(Brief descriptive captions)
########################################

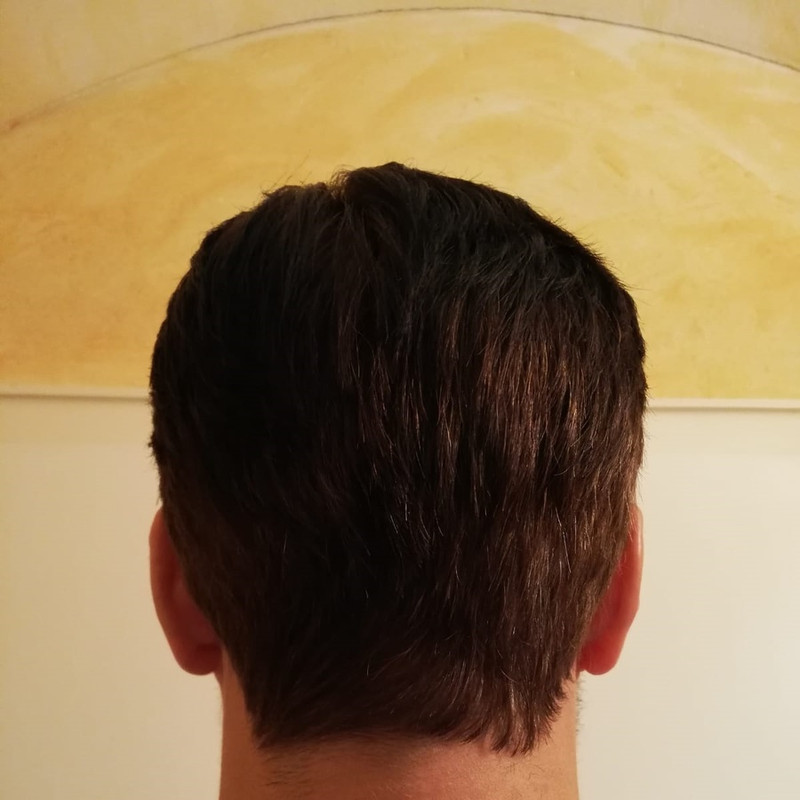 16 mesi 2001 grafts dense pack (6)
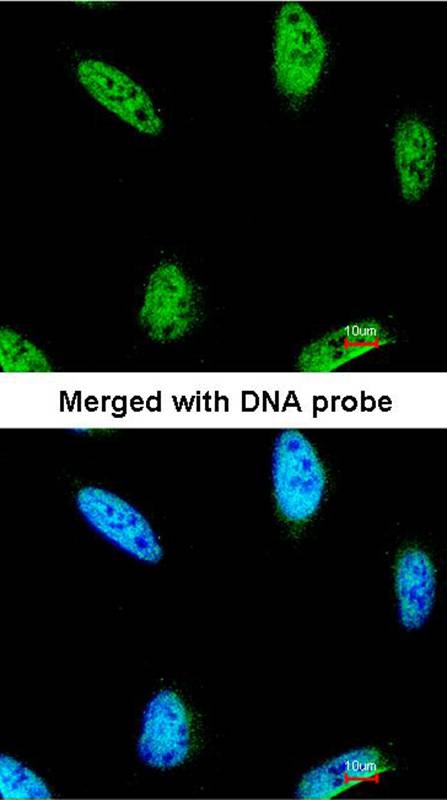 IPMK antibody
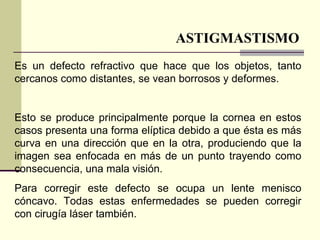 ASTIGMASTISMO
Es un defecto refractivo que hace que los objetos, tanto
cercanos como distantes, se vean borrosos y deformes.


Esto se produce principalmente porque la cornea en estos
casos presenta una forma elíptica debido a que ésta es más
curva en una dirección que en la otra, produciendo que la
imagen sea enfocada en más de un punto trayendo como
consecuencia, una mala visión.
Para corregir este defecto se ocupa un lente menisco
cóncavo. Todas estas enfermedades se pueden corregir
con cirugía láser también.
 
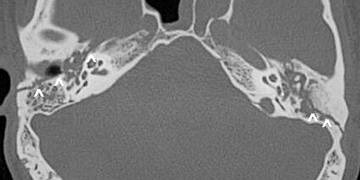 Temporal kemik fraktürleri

########################################

▶ **EXERCISE DIRECTIONS**:
Please retype only the lines from the line that holds "imagen sea enfocada" through the end of the records, exactly as they stand, and drop every picture.

▶ **TASK OUTPUT**:
imagen sea enfocada en más de un punto trayendo como
consecuencia, una mala visión.
Para corregir este defecto se ocupa un lente menisco
cóncavo. Todas estas enfermedades se pueden corregir
con cirugía láser también.
 
 Temporal kemik fraktürleri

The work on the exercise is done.